PROBLEM DETAILS: Copy all lines below exactly as written. Leave pictures out.

MATERIAL PROVIDED:

┄┄┄┄┄┄

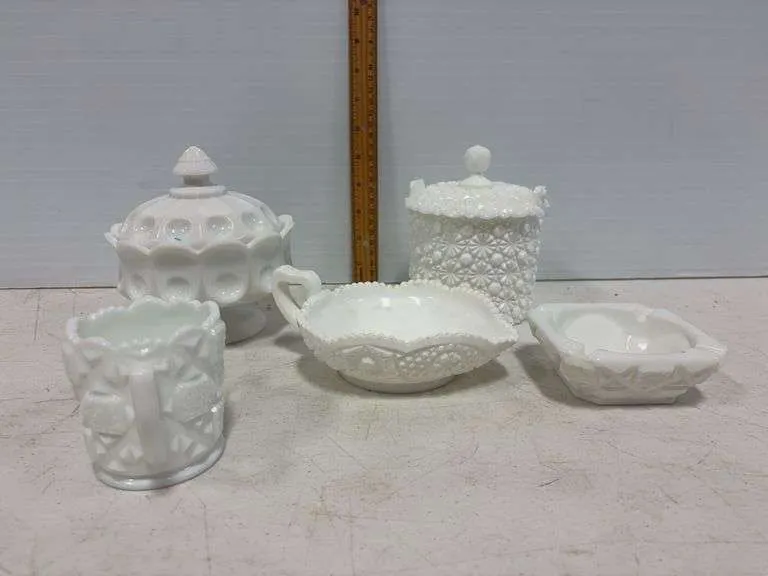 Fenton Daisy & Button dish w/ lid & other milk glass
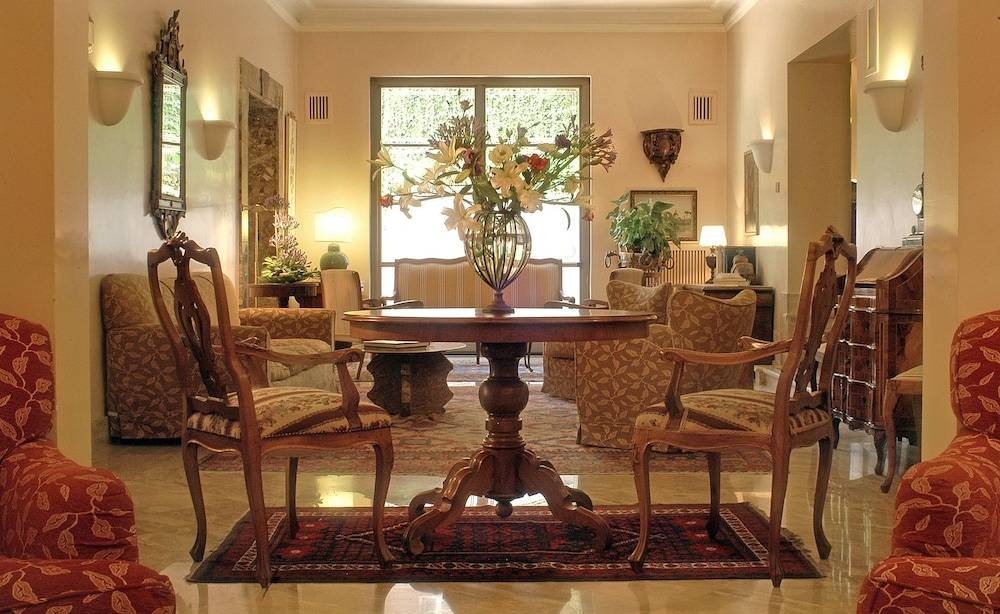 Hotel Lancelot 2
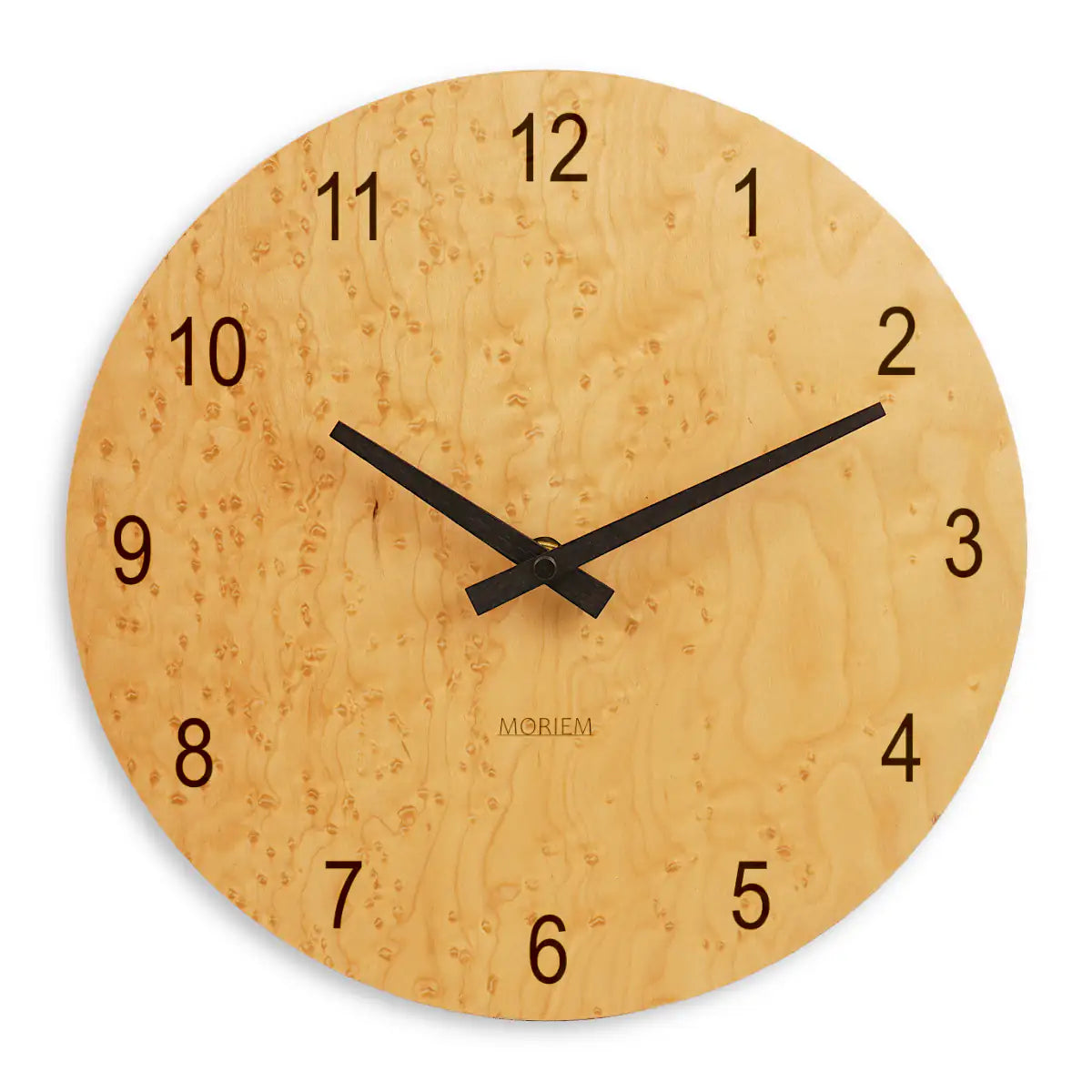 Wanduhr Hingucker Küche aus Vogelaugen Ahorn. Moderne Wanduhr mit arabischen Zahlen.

┄┄┄┄┄┄

RESPONSE AREA:
 Fenton Daisy & Button dish w/ lid & other milk glass
 Hotel Lancelot 2
 Wanduhr Hingucker Küche aus Vogelaugen Ahorn. Moderne Wanduhr mit arabischen Zahlen.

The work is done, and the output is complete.